Assessment of stromal cell diversity and development in the mouse intestinal mucosa

The intestine comprises anatomically distinct segments, largely divided into the small intestine and colon. These segments perform essential and diverse physiological tasks, such as food absorption and digestion in the small intestine or water reabsorption, waste disposal and provision of a niche for beneficial microbes in the colon.

The luminal side of the intestinal tissue is composed of a single layer of heterogeneous epithelial cells covering the underlying lamina propria (LP). The LP accommodates diverse subsets of mesenchymal stromal cells (MSCs), immune cells, endothelia and cells of the enteric nervous system. MSCs were historically thought to mainly provide structure through extracellular matrix secretion, whereas evidence of other vital tissue functions have recently been reported.

For example, MSCs support the intestinal epithelial stem cell nice, support the vasculature, guide intestinal development, interact with immune cells, and are involved in several pathological conditions, which have fostered an increased attention in recent years. Nevertheless, the diversity of small intestinal and colon MSCs as well as distinct subset-specific functionalities and locations have remained unclear.

Here, we provide novel insight into small intestine and colon MSC diversity through single cell RNA sequencing (scRNA-seq) of both tissues. We have used the generated data to identify subset-specific markers, which provide evidence for distinct subset locations within both the small intestine and colon, locations that were largely reflected in the differential expressions of epithelial support genes between subsets.

It has remained elusive how intestinal MSCs originate during ontogeny, and through grafting studies of embryonic intestine under the kidney capsule of adult mice, we show that embryonic intestinal-resident precursors develop into the highly heterogeneous adult MSCs in both small intestine and colon.
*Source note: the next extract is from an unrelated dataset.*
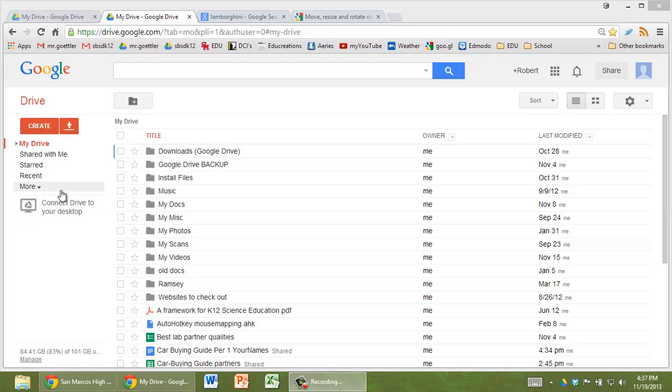In this video, I'm going to show you how you can make a Google Doc for your physics car buying guide.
By lineage-tracing of such embryonic precursors into adulthood, we find an embryonic Gli1+ precursor that gives rise to the diverse MSCs. This was further supported by trajectory analysis of integrated embryonic colon scRNA-seq and adult colon scRNA-seq data, which when combined with the lineage-tracing data, provide evidence that embryonic serosal mesothelial cells give rise to all adult intestinal MSC subsets.
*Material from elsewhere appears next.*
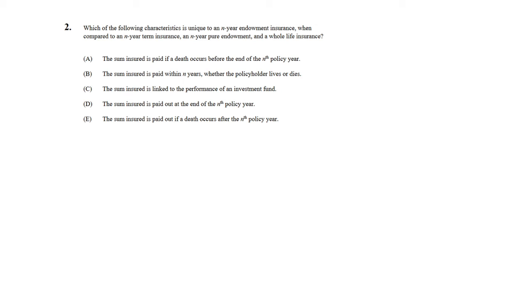Answer choice B: the sum insured is paid within n years, whether the policyholder lives or dies. That's obviously true for an endowment. For a term, the person has to die in order to get the payout, so it can't be both living or dying - it has to be strictly dying.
Interestingly, we find the embryonic trajectory to separate into smooth muscle cell (SMC) and fibroblast (FB) lineages from the mesothelial start point, suggesting different developmental requirements. The FB branch of the trajectory show mesothelial cells to give rise to adult FBs through an adult submucosal FB subset, which we identify as the FB precursor in adult steady state intestine.
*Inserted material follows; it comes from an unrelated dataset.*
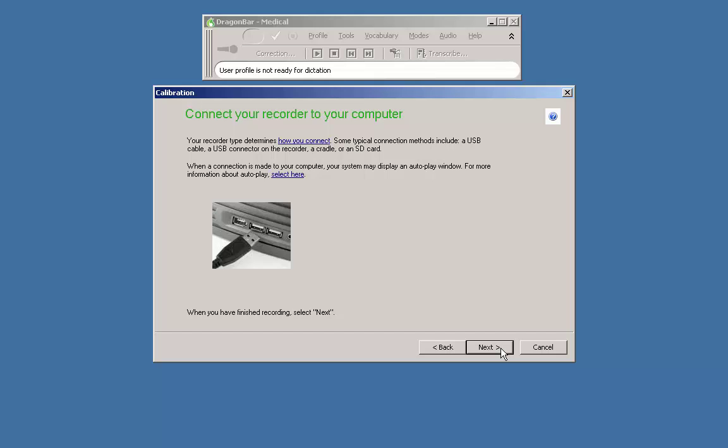Now we want to manually transfer your dictation from the recorder to your computer. If you are unfamiliar with the process, here is a video that explains how it's done. Please click the link on your screen to see that video.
The trajectory analysis further revealed several distinct colonic subepithelial FB subsets and displays unprecedented diversity and complexity within the subepithelial FB compartment. Finally, correlating our murine intestinal MSC subsets with their counterparts in humans, our data highlights the translational potential of studying murine MSCs.

In conclusion, our data amends the current knowledge of intestinal MSC subsets, functions and origins by providing a comprehensive roadmap of these enigmatic cells in the murine intestine, work we are confident will pave the way for future studies required to unravel the full functionality of individual intestinal MSCs in health and disease.